Fiyakalıydık, inkârdan gelme,
Hasetten tıkaçları atardı, sirke şişesi kılıklı pencere kaknemlerinin,
Sokaklarında arz-ı endam edince biz.
Ezgili bir yürekle yanımda taşırdım seni,
Zaman, içimizde bestelerdi, bahtiyar sevgililerin düğün şarkılarını,
Ki, müzik fışkırırdı teninin rayihasından.

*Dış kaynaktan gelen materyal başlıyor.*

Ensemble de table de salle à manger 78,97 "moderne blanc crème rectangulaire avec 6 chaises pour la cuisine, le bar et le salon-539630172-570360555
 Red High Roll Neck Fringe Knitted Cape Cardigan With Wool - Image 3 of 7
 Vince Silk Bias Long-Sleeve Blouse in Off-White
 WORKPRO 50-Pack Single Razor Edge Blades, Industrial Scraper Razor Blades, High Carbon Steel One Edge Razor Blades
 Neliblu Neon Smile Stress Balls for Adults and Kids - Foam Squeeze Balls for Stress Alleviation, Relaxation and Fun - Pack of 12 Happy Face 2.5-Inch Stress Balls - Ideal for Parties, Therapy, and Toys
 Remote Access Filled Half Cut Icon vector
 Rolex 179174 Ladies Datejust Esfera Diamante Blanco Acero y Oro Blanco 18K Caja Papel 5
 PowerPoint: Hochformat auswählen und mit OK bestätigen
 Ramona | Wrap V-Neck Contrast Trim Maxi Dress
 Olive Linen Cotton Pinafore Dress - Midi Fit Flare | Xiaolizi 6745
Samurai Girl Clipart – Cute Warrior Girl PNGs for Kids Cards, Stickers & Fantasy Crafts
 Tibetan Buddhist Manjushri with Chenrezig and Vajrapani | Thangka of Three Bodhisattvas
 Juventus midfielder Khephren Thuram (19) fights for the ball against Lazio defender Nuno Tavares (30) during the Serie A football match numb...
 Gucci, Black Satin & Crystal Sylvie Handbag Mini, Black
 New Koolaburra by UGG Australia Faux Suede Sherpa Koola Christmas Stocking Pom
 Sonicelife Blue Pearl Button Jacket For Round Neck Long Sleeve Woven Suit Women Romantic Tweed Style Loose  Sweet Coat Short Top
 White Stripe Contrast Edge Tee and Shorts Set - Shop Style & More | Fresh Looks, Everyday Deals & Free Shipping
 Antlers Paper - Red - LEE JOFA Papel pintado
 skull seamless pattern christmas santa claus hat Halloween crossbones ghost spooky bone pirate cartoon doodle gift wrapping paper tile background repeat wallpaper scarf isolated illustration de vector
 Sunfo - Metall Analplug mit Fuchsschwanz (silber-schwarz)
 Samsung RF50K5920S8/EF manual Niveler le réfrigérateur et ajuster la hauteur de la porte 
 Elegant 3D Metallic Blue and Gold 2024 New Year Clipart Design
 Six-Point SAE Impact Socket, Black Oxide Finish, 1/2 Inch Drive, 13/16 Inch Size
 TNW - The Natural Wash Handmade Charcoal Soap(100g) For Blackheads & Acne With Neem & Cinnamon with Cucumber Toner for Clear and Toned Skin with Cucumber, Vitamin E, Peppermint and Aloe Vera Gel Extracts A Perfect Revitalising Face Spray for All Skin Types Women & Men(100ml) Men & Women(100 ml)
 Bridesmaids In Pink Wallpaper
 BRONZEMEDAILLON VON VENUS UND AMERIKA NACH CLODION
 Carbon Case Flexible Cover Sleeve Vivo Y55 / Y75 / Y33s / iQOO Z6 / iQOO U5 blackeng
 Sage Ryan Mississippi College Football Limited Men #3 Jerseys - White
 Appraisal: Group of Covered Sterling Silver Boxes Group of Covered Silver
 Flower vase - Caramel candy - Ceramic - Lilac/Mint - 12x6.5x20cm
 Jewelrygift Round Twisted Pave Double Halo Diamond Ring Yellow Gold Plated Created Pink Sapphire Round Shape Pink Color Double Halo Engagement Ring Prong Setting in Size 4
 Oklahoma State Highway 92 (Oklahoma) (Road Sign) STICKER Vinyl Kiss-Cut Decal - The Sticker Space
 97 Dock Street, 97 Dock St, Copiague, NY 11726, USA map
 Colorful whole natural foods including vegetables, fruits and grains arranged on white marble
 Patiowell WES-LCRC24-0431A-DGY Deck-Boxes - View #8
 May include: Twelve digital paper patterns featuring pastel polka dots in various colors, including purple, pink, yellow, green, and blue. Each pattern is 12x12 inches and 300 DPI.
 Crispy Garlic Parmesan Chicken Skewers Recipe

Cürme tahrikten ömür boyu yesek yeriydi,
Hakir görmek saikiyle, sair ölümlüleri.
Audrey Hepburn, Tiffany'de Kahvaltı'da neyse,
Mahallede tıpkısının aynısıydın,
Türkan Şoray bile, üçlü reverans eşliğinde,
Buyur ederdi, sultanlık makamını,
Ki, zarafet fışkırırdı gözlerinin şehlasından.
Fena fiyakalıydık be,
Öyle de kalabilirdi,
Gözleri fener ışığının yalancı cennetine kapılmış
Birer yabantavşanıydık oysa şimdi,
Ki, nedamet fışkırsa sinemizin sol yanından,
Yeriydi...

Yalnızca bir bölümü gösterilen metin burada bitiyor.